Finally, it is also unfortunate that the Court did not follow the AG’s advice regarding the subsidiarity of actions against the intermediary of the downloader. As he observed, “A claim against the ISP is, admittedly, not completely out of the question, but the originator must, as a matter of priority, so far as is possible, claim directly against the operators of the illegal website or their ISP.” Of course, such a requirement is not explicitly embedded in the wording of Article 8(3), but I would argue does have a place in the consideration of the proportionality of an injunction, as suggested by the AG.
The real negative effects of the decision are likely to be limited to Austria – most Member States do not have procedural constructions comparable to the Erfolgsverbot. Indicatively, the issue was already considered last year by the UK’s Justice Arnold in EMI Records v British Sky Broadcasting, who found that since UK courts must carefully consider fundamental rights and proportionality before any blocking order is made, the question would not apply to them.
This indicates the main danger of the ruling, that of fragmentation. This was foreseen by the Austrian referring court, which suggested that guidelines assessing the proportionality of blocking measures be laid down by the CJEU – that would have been welcome indeed! That absence is certainly the biggest deficiency of the ruling: in Scarlet and Netlog the Court establishes that filtering orders are illegal. We now know that blocking injunctions may be ok – but under what conditions? Do DNS blocking and IP address blocking pass the test? What is the precise outline of the balancing test? It would be nice if the Court had delved into these questions.
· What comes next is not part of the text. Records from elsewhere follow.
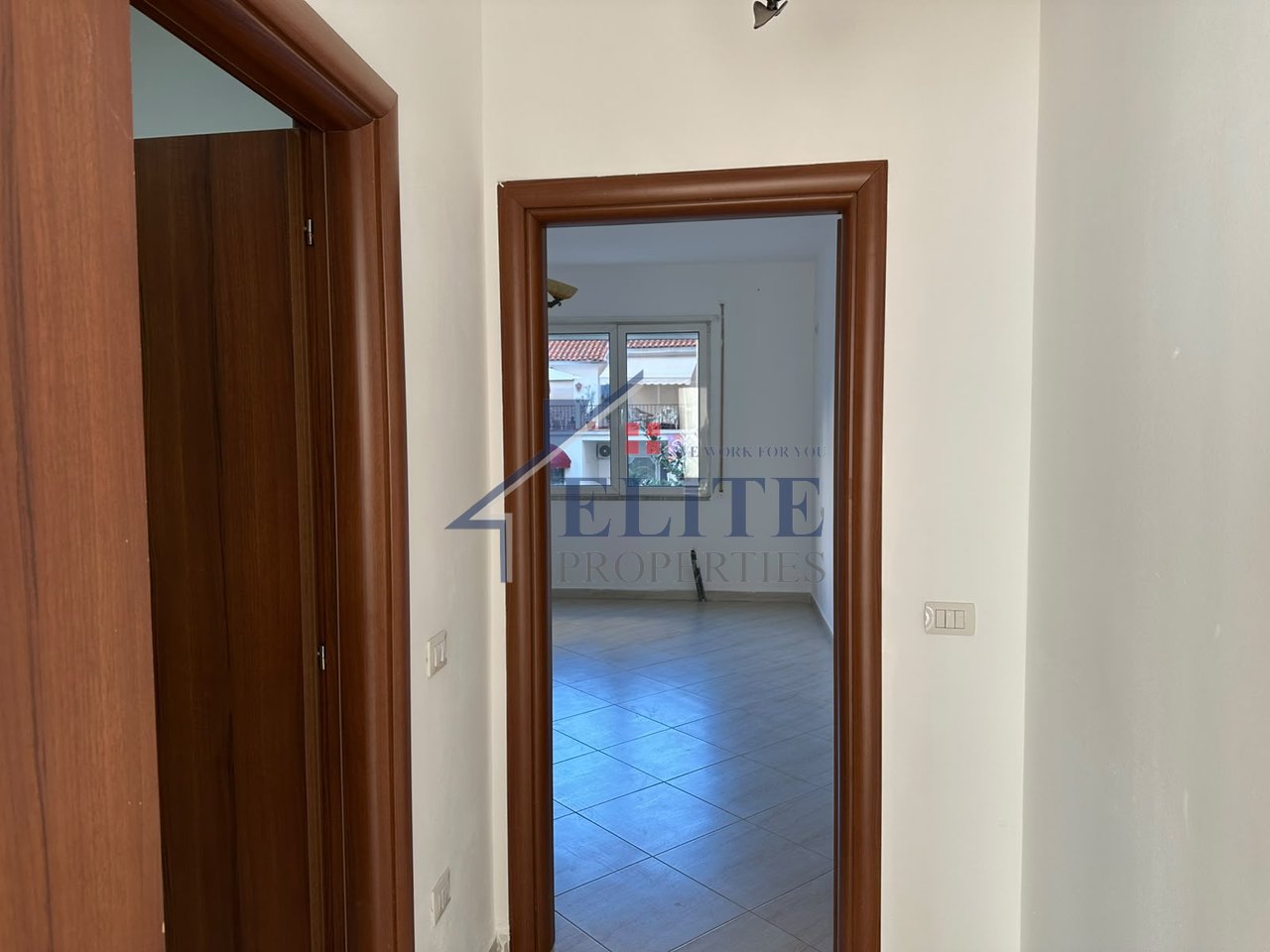 Pazari i Ri, 2+1 apartment for sale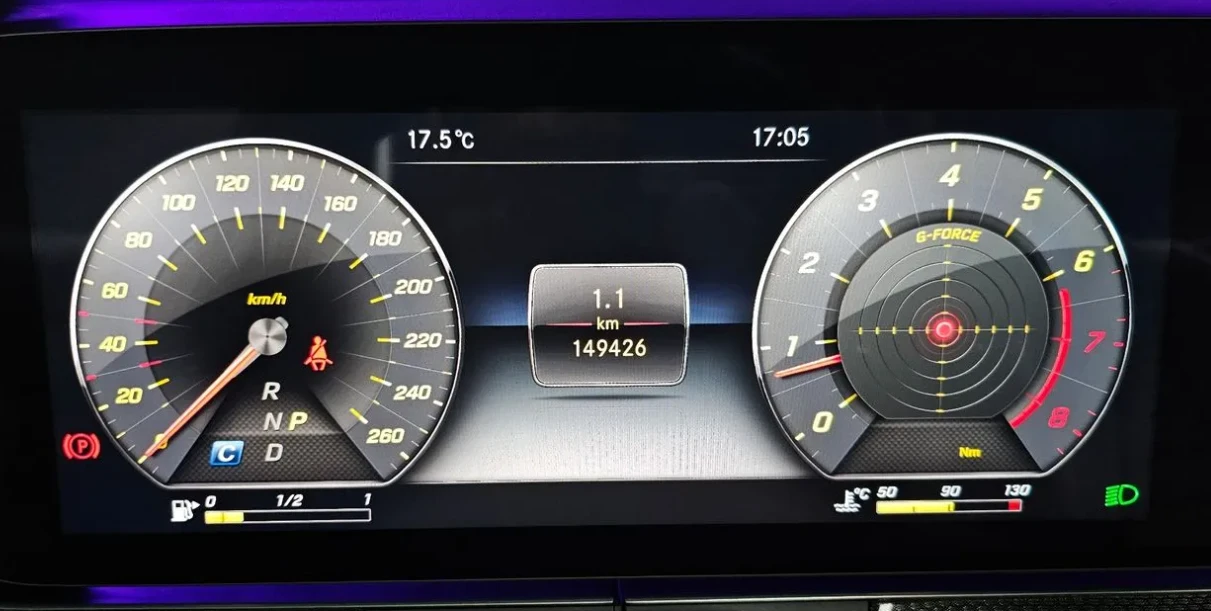 Mercedes-Benz E 300 4MATIC AMG Line, снимка 7 - Автомобили и джипове - 54370875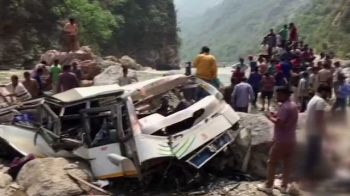 [해외 이모저모] 인도 산악지대서 버스 추락…44명 사망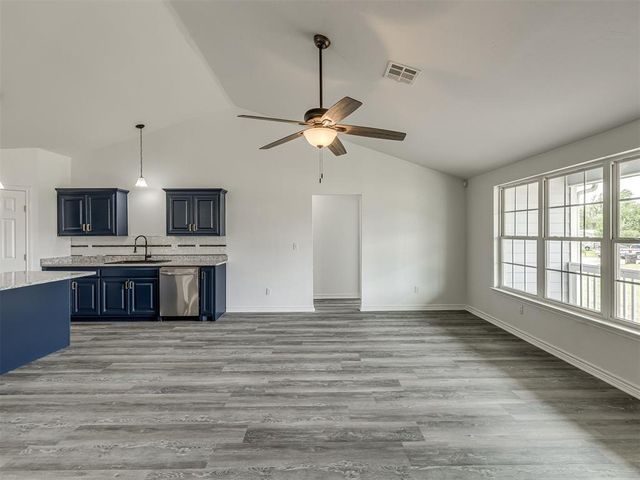 6151 Wooster St, Norman, OK 73071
The incongruence of allowing an “outcome prohibition” while simultaneously acknowledging that fully achieving said outcome is in all likelihood impossible cannot be ignored. What the court has in effect suggested is not achieving a specific result, but doing the least useless thing the ISP can think of that is also respectful of the rights of others. As a result, the injunction is not really an “outcome injunction” at all anymore, but rather an “reasonable attempt at an outcome injunction” – in which case why not outline exactly what such a reasonable attempt might look like? UPC is likely to cave and adopt the measures ordered by the Austrian court of first instance, without actually having a CJEU ruling that says it must – and then keep its fingers crossed that that the national courts then agree that is enough.
It is worth noting that kino.to was taken offline following an action of the German police forces against its operators. It has since been replaced by kinox.to.